School of Life Science, University of Chinese Academy of Sciences, Beijing, China.
Front Oncol. 2022 Mar 10;12:840616. doi: 10.3389/fonc.2022.840616. eCollection 2022.
The prognosis of chronic lymphocytic leukemia (CLL) has been improved dramatically, but there are limited studies focusing on CLL disease burden on a global scale. We aimed to evaluate the accurate assessment of the disease burden of CLL that may provide more detailed epidemiological information for rational policies.
The main source of the data was the Global Burden of Disease (GBD) study 2019. Incident cases, death cases, disability-adjusted life years (DALYs), and their corresponding age-standardized rates (ASRs) from 1990 to 2019 were used to describe the burden of CLL. Data about attributable risk factors were also extracted and analyzed. Bayesian age-period-cohort (BAPC) models were used to assess and project the incidence and mortality rates till 2030.

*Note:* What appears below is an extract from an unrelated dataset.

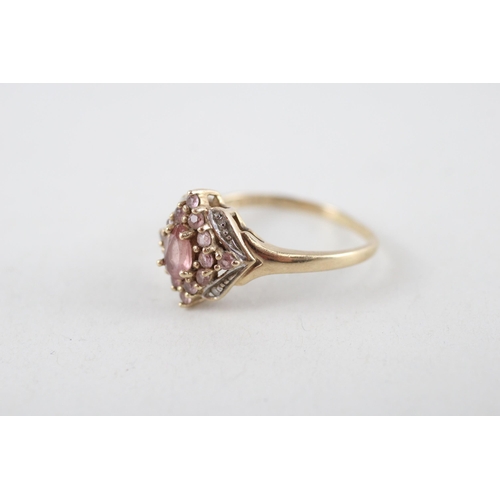 9 - 9ct gold diamond & pink gemstone cluster ring (3g) Size  R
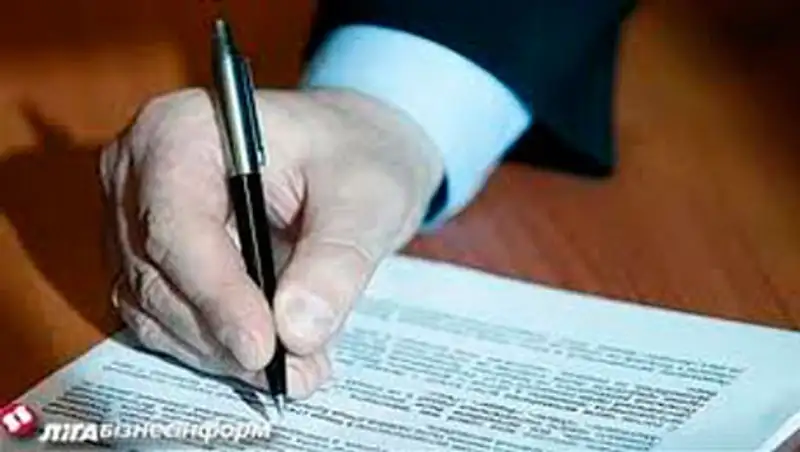 Супруги государственных служащих также должны предоставлять декларацию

Globally, the incidence of CLL had been increasing. Deaths and DALYs decreased slightly. The burden of death and DALY is affected by socio-demographic index (SDI). The incidence rate, death rate, and DALY rate of CLL increased significantly with age. Male-to-female ratios of incidence rates varied in different SDI quintiles. Smoking, high body mass index, and occupational exposure to benzene or formaldehyde were the potential risk factors related to CLL. Global ASIRs might tend to increase until 2030, while ASDR would decrease until 2030.
The disease burden of CLL decreased in higher SDI countries but increased in lower ones. Strategies for early detection of asymptomatic CLL, development of novel drugs, and measures against attributable factors should be implemented to combat CLL burden.
慢性淋巴细胞白血病(CLL)的预后已得到显著改善,但在全球范围内,针对CLL疾病负担的研究有限。我们旨在评估对CLL疾病负担的准确评估,这可能为合理的政策提供更详细的流行病学信息。
数据的主要来源是《2019年全球疾病负担研究》。使用1990年至2019年的发病病例、死亡病例、伤残调整生命年(DALYs)及其相应的年龄标准化率(ASRs)来描述CLL的负担。还提取并分析了关于可归因风险因素的数据。使用贝叶斯年龄-时期-队列(BAPC)模型评估并预测到2030年的发病率和死亡率。
在全球范围内,CLL的发病率一直在上升。死亡人数和伤残调整生命年略有下降。死亡和伤残调整生命年的负担受社会人口指数(SDI)的影响。CLL的发病率、死亡率和伤残调整生命年率随年龄显著增加。不同SDI五分位数组的发病率男女比例有所不同。吸烟、高体重指数以及职业接触苯或甲醛是与CLL相关的潜在风险因素。到2030年,全球年龄标准化发病率(ASIRs)可能会趋于上升,而年龄标准化死亡率(ASDR)将下降。
CLL的疾病负担在高SDI国家有所下降,但在低SDI国家有所上升。应实施无症状CLL的早期检测策略、开发新型药物以及针对可归因因素的措施,以应对CLL负担。